Son Introduction à l’étude de la médecine expérimentale (1865) s’est imposée comme un classique de la philosophie des sciences qui fait de l’expérience « l’unique source des connaissances humaines ». Sa vie fut exclusivement consacrée à la physiologie qu’il définissait comme « la science qui a pour objet de déterminer les conditions élémentaires des phénomènes de la vie ».
Les huit contributions de cet ouvrage font le lien entre cette pensée ancrée dans le XIXe siècle, élaborée par ce fils de vigneron sensible au terroir, et nos interrogations d’aujourd’hui.
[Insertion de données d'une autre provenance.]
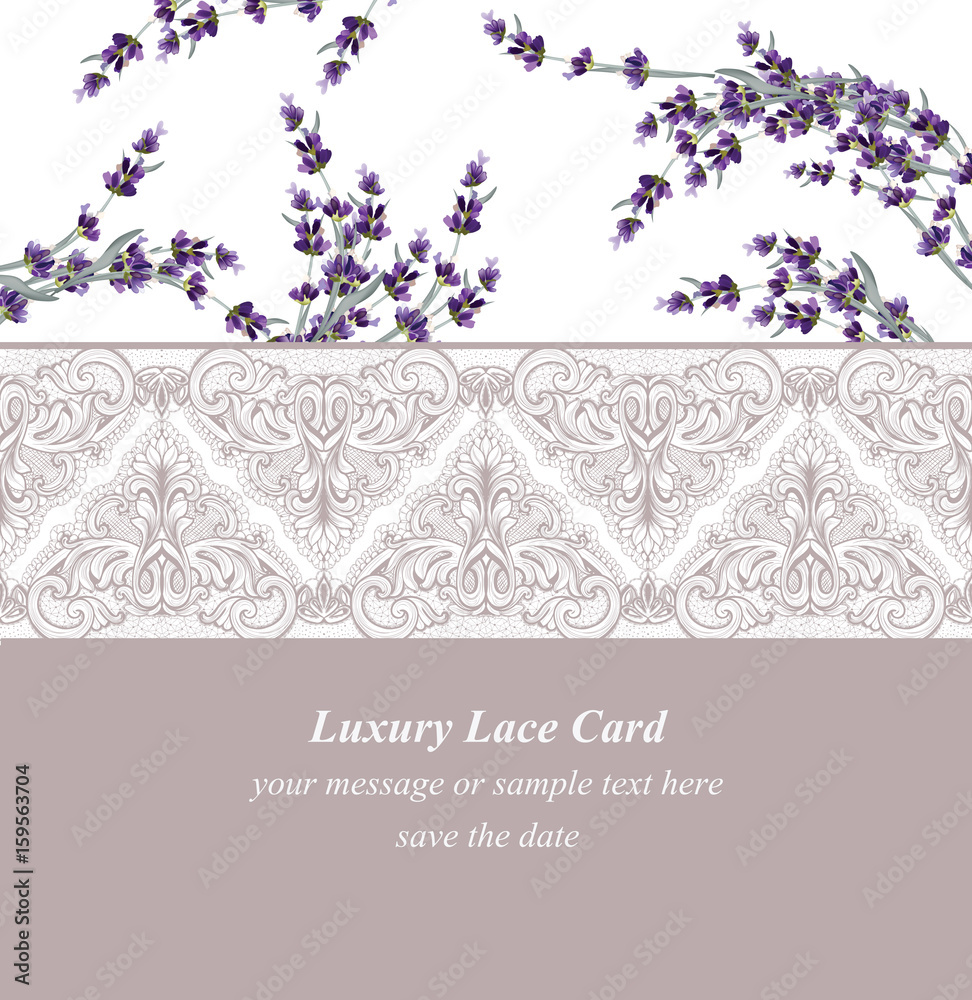 Lavender delicate lace card. Springtime Summer fresh natural wedding card. Vector illustration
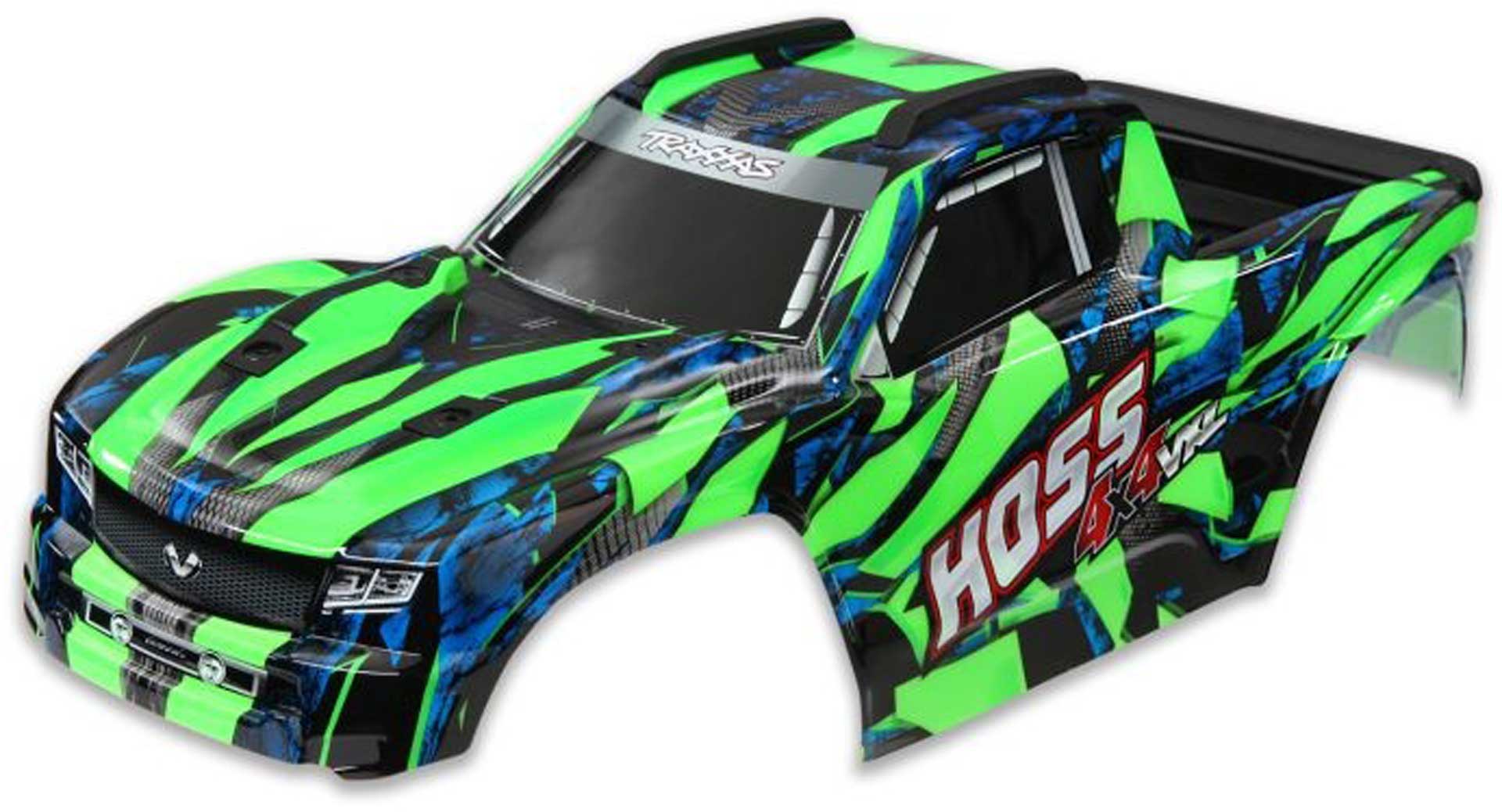 TRAXXAS Body Hoss 4x4 VXL green incl. stickers and bodyclips front and rear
Comme dans toute approche collective, chacun trouve le Claude Bernard qui lui convient. Au regard des communications, on voit combien l’homme suscite encore de l’intérêt, tant sa réflexion sur le vivant est riche d’intuitions lorsqu’il définit les trois formes de vie : latente, oscillante, constante.
Claude Bernard est resté une référence parce que le scientifique s’est toujours posé des questions sur la manière de faire ses recherches. En ce sens, il était l’épistémologue de son propre savoir. C’est bien ce que souligne cette roborative introduction à son œuvre qui dépasse les discours hagiographiques de circonstance.
Emile Zola considérait que la « force du siècle » était chez lui. C’était en tout cas un homme qui avait réussi à penser son époque au-delà de ses cadres mentaux, que Braudel qualifiait de « prisons de longue durée ». C’est pour cela que Claude Bernard continue d’être lisible. L. L.